Studio album by Omni Trio
- Released: August 12, 1996
- Length: 53:05 72:30 (CD editions)
- Label: Moving Shadow
- Producer: Robert Haigh

Omni Trio chronology
| The Deepest Cut Vol 1 (1995) | The Haunted Science (1996) | Skeleton Keys (1997) |

American cover
- Artwork for the American edition of the album

= The Haunted Science =

The Haunted Science is the second album released by Omni Trio, the drum and bass moniker of English producer Robert Haigh.

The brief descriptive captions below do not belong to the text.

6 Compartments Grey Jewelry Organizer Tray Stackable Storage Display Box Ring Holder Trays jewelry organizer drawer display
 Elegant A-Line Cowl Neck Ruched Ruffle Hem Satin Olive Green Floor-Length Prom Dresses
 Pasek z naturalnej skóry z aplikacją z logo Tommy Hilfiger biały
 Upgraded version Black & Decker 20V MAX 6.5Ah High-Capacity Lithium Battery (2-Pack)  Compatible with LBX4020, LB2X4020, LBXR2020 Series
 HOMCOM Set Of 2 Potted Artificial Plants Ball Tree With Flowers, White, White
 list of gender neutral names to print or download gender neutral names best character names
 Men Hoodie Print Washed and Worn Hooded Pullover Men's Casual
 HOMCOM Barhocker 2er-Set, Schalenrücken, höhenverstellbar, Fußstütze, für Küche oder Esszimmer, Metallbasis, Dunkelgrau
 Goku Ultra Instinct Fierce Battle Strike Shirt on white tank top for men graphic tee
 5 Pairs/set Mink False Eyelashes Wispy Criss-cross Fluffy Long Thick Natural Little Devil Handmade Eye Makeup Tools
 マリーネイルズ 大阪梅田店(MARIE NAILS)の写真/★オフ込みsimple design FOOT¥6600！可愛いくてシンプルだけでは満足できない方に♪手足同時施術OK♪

Similar to its predecessor The Deepest Cut, the album was first issued through the label Moving Shadow in the UK, then released in the US through Sm:)e Communications with new artwork, and then issued through Avex Trax in Japan with a bonus mini CD that contains four bonus tracks and new art. The Moving Shadow double LP lacks the alternative mixes of "Trippin' On Broken Beats", "Nu Birth Of Cool", and "Who Are You?" Those three tracks were also previously released as 12" singles.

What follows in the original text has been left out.